▶ What needs to be done
Restate the following entries exactly, including every line.

▶ Task input
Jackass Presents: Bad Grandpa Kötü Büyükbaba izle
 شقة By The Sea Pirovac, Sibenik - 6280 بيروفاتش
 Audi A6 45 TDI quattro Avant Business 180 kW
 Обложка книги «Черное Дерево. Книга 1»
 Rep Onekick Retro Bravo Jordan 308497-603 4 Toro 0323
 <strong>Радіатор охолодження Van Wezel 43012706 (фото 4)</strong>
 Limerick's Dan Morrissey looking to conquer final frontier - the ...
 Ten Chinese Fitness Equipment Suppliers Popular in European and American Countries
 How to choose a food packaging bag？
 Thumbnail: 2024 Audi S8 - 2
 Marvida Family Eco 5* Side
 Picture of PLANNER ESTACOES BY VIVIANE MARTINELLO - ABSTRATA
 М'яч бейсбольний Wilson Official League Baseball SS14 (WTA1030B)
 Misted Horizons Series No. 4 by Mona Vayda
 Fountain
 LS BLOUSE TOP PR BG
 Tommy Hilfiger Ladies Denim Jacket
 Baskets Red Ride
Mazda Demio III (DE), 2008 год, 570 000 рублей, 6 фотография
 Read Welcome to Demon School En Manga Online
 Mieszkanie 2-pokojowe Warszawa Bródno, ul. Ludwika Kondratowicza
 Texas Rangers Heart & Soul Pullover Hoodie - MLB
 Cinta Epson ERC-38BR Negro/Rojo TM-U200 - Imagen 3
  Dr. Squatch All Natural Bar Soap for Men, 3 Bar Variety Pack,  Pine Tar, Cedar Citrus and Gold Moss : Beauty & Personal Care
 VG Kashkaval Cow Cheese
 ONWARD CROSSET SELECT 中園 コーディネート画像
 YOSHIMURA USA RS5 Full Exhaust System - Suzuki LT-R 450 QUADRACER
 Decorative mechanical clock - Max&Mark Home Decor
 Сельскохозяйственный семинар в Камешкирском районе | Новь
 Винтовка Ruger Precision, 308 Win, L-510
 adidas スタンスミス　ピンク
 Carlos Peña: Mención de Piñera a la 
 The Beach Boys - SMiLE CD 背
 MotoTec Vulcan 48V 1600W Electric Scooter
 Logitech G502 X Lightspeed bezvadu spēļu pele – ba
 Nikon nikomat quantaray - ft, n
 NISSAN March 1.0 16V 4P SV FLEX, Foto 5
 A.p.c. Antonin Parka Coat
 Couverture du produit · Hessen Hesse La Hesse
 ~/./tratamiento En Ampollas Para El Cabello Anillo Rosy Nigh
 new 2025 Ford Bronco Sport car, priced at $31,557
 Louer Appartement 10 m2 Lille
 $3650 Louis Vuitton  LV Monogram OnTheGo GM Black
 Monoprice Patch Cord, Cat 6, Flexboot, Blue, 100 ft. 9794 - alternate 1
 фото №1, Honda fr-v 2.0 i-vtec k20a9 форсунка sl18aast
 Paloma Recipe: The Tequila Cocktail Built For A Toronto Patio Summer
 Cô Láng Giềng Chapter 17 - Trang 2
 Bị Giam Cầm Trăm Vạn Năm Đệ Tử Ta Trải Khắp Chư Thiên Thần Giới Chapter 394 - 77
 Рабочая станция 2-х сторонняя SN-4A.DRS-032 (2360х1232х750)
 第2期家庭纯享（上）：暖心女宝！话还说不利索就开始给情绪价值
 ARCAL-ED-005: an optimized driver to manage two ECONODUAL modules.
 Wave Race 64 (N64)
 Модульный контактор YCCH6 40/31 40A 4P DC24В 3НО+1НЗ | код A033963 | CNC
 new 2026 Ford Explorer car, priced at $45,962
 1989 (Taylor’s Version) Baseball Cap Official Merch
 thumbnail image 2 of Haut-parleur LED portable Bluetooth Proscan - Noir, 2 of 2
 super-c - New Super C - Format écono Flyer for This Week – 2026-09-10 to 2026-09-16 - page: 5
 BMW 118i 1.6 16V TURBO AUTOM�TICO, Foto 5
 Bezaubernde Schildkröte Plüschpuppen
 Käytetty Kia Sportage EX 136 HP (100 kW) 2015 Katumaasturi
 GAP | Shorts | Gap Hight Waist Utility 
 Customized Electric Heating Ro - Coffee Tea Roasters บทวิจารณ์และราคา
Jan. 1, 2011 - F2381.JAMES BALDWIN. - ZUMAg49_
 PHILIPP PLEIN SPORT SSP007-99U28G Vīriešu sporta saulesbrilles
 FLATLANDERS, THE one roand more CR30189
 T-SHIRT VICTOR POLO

▶ Result of this task
Jackass Presents: Bad Grandpa Kötü Büyükbaba izle
 شقة By The Sea Pirovac, Sibenik - 6280 بيروفاتش
 Audi A6 45 TDI quattro Avant Business 180 kW
 Обложка книги «Черное Дерево. Книга 1»
 Rep Onekick Retro Bravo Jordan 308497-603 4 Toro 0323
 <strong>Радіатор охолодження Van Wezel 43012706 (фото 4)</strong>
 Limerick's Dan Morrissey looking to conquer final frontier - the ...
 Ten Chinese Fitness Equipment Suppliers Popular in European and American Countries
 How to choose a food packaging bag？
 Thumbnail: 2024 Audi S8 - 2
 Marvida Family Eco 5* Side
 Picture of PLANNER ESTACOES BY VIVIANE MARTINELLO - ABSTRATA
 М'яч бейсбольний Wilson Official League Baseball SS14 (WTA1030B)
 Misted Horizons Series No. 4 by Mona Vayda
 Fountain
 LS BLOUSE TOP PR BG
 Tommy Hilfiger Ladies Denim Jacket
 Baskets Red Ride
Mazda Demio III (DE), 2008 год, 570 000 рублей, 6 фотография
 Read Welcome to Demon School En Manga Online
 Mieszkanie 2-pokojowe Warszawa Bródno, ul. Ludwika Kondratowicza
 Texas Rangers Heart & Soul Pullover Hoodie - MLB
 Cinta Epson ERC-38BR Negro/Rojo TM-U200 - Imagen 3
  Dr. Squatch All Natural Bar Soap for Men, 3 Bar Variety Pack,  Pine Tar, Cedar Citrus and Gold Moss : Beauty & Personal Care
 VG Kashkaval Cow Cheese
 ONWARD CROSSET SELECT 中園 コーディネート画像
 YOSHIMURA USA RS5 Full Exhaust System - Suzuki LT-R 450 QUADRACER
 Decorative mechanical clock - Max&Mark Home Decor
 Сельскохозяйственный семинар в Камешкирском районе | Новь
 Винтовка Ruger Precision, 308 Win, L-510
 adidas スタンスミス　ピンク
 Carlos Peña: Mención de Piñera a la 
 The Beach Boys - SMiLE CD 背
 MotoTec Vulcan 48V 1600W Electric Scooter
 Logitech G502 X Lightspeed bezvadu spēļu pele – ba
 Nikon nikomat quantaray - ft, n
 NISSAN March 1.0 16V 4P SV FLEX, Foto 5
 A.p.c. Antonin Parka Coat
 Couverture du produit · Hessen Hesse La Hesse
 ~/./tratamiento En Ampollas Para El Cabello Anillo Rosy Nigh
 new 2025 Ford Bronco Sport car, priced at $31,557
 Louer Appartement 10 m2 Lille
 $3650 Louis Vuitton  LV Monogram OnTheGo GM Black
 Monoprice Patch Cord, Cat 6, Flexboot, Blue, 100 ft. 9794 - alternate 1
 фото №1, Honda fr-v 2.0 i-vtec k20a9 форсунка sl18aast
 Paloma Recipe: The Tequila Cocktail Built For A Toronto Patio Summer
 Cô Láng Giềng Chapter 17 - Trang 2
 Bị Giam Cầm Trăm Vạn Năm Đệ Tử Ta Trải Khắp Chư Thiên Thần Giới Chapter 394 - 77
 Рабочая станция 2-х сторонняя SN-4A.DRS-032 (2360х1232х750)
 第2期家庭纯享（上）：暖心女宝！话还说不利索就开始给情绪价值
 ARCAL-ED-005: an optimized driver to manage two ECONODUAL modules.
 Wave Race 64 (N64)
 Модульный контактор YCCH6 40/31 40A 4P DC24В 3НО+1НЗ | код A033963 | CNC
 new 2026 Ford Explorer car, priced at $45,962
 1989 (Taylor’s Version) Baseball Cap Official Merch
 thumbnail image 2 of Haut-parleur LED portable Bluetooth Proscan - Noir, 2 of 2
 super-c - New Super C - Format écono Flyer for This Week – 2026-09-10 to 2026-09-16 - page: 5
 BMW 118i 1.6 16V TURBO AUTOM�TICO, Foto 5
 Bezaubernde Schildkröte Plüschpuppen
 Käytetty Kia Sportage EX 136 HP (100 kW) 2015 Katumaasturi
 GAP | Shorts | Gap Hight Waist Utility 
 Customized Electric Heating Ro - Coffee Tea Roasters บทวิจารณ์และราคา
Jan. 1, 2011 - F2381.JAMES BALDWIN. - ZUMAg49_
 PHILIPP PLEIN SPORT SSP007-99U28G Vīriešu sporta saulesbrilles
 FLATLANDERS, THE one roand more CR30189
 T-SHIRT VICTOR POLO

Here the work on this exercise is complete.